Saturday, November 28, 1998
OPEC ministers depart Vienna after low-key
meeting
By DIDI KIRSTEN TATLOW
Associated Press
VIENNA, Austria -- OPEC oil ministers have adjourned their
testy year-end meeting after failing to agree on measures to halt
a slide in world oil prices.
With prices hovering near a 12-year low, analysts predicted
before the meeting that the Organization of Petroleum Exporting
Countries would extend the cuts until the end of next year.
Instead, it decided to review the situation in March at the
cartel's next scheduled summit, secretary-general Rilwanu Lukman
said Thursday at the conclusion of the year-end meeting.
"We have already got an agreement," Lukman said in
an apparent effort to ease disappointment that OPEC had failed
to take action.
In London, January Brent futures have risen the past two days,
gaining 16 cents Friday to $11.16. The price rose 10 cents Thursday.
In an effort to boost prices, OPEC agreed in June to slash
its daily production quota by 2.6 million barrels a day, to 24.3
million barrels. The market has barely responded, due to an oil
glut, excessive stocks, low demand and overproduction by some
members of the organization.
OPEC is partly to blame for the slump. It decided last winter
to increase production, feeding Asia's economic turmoil and reducing
demand there and elsewhere.
The resulting oil glut has dropped OPEC's average oil price
to just more than $10 from more than $18 last November, hammering
OPEC's oil-dependent economies.
At this week's meeting, Saudi Arabia criticized Venezuela and
Iran for overproduction.
Teheran, OPEC's second-biggest producer, denied the allegation
and said the bulk of fresh cuts should be made by Saudi Arabia,
OPEC's biggest producer.
Members complain that Saudi Arabia seized market share after
Iraq's departure from the oil market in 1990, and now won't let
go.
The kingdom says there is no point to further cuts until full
compliance with June's round is achieved.
Iraq has been barred from exporting crude since its 1990 invasion
of fellow OPEC member, Kuwait.
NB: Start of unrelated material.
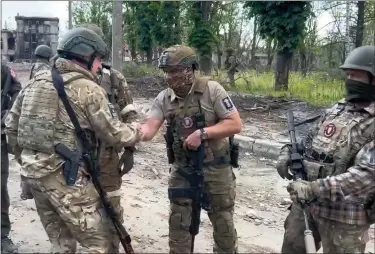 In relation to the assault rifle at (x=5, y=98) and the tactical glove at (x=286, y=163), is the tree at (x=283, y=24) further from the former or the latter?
the tactical glove at (x=286, y=163)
It is only allowed to sell limited
amounts of oil under U.N. supervision to purchase food and other
humanitarian goods.
The lack of agreement at the meeting raised questions about
OPEC's future, said Mehdi Varzi, director of research at Dresdner
Kleinwort Benson.
Varzi predicted continuing low oil prices will trigger privatization
in OPEC's quota-oriented, state-controlled oil industries, with
governments keen to shed costly state subsidies as prices slump.
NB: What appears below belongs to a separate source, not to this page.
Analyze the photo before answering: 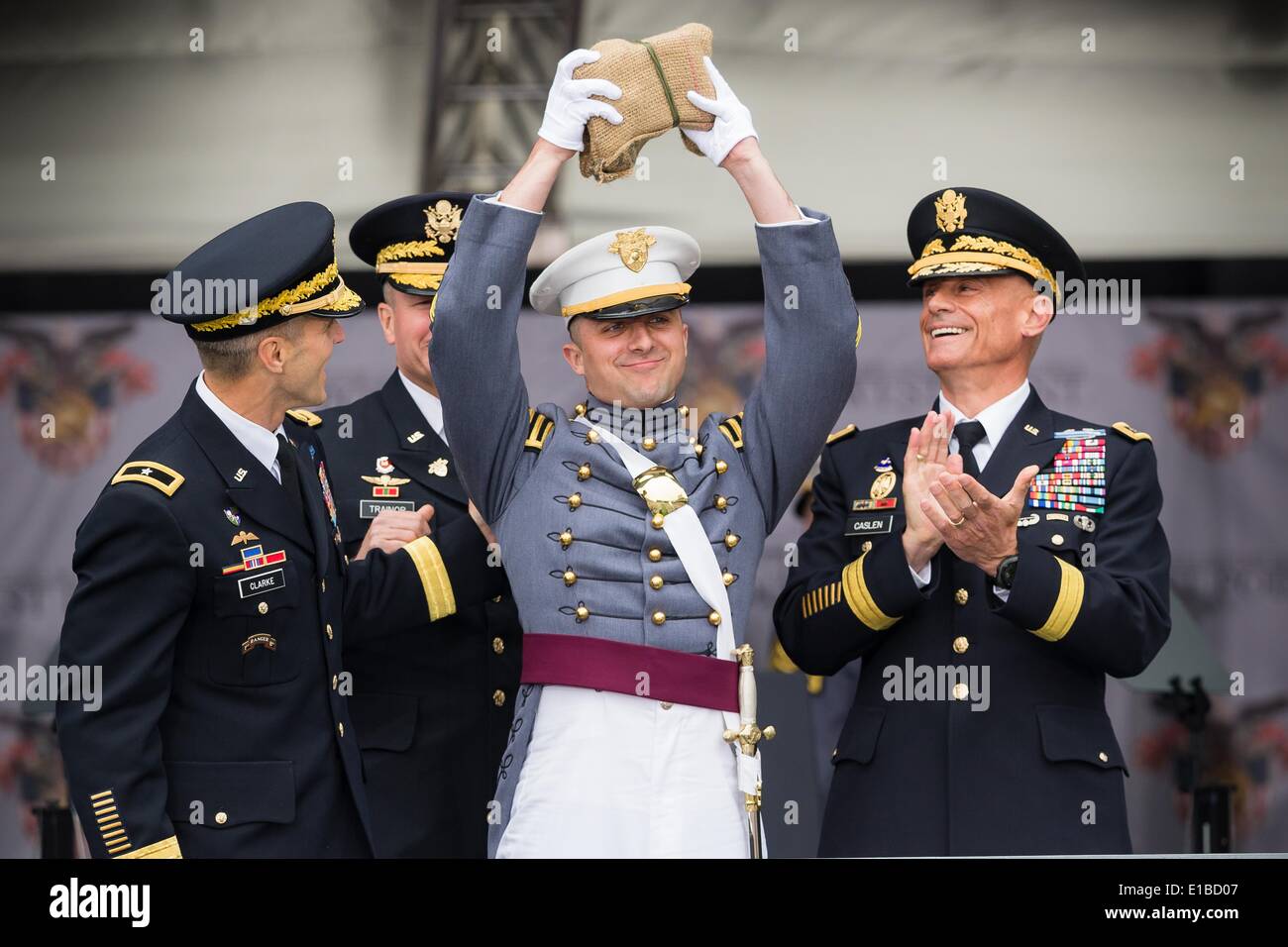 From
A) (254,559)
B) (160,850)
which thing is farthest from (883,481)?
(160,850)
"OPEC has become a backwater, because it is not looking
at fundamental things," such as better technology which has
made it cheaper and quicker to produce oil, narrowing profit margins,
Varzi said.
Others were more upbeat.
"If it's a weak winter they have the opportunity in March
to do something. That's the positive side." said Leo Drollas,
chief economist at London's Center for Global Energy Studies.
"On the negative side, markets expected cuts to be extended
and they haven't got that," said Drollas.
Algerian oil minister Youcef Yousfi was elected as the cartel's
new president, replacing outgoing president Obaid bin Saif Al-Nasseri.
OPEC members are Algeria, Indonesia, Iran, Iraq, Kuwait, Libya,
Nigeria, Qatar, Saudi Arabia, the United Arab Emirates and Venezuela.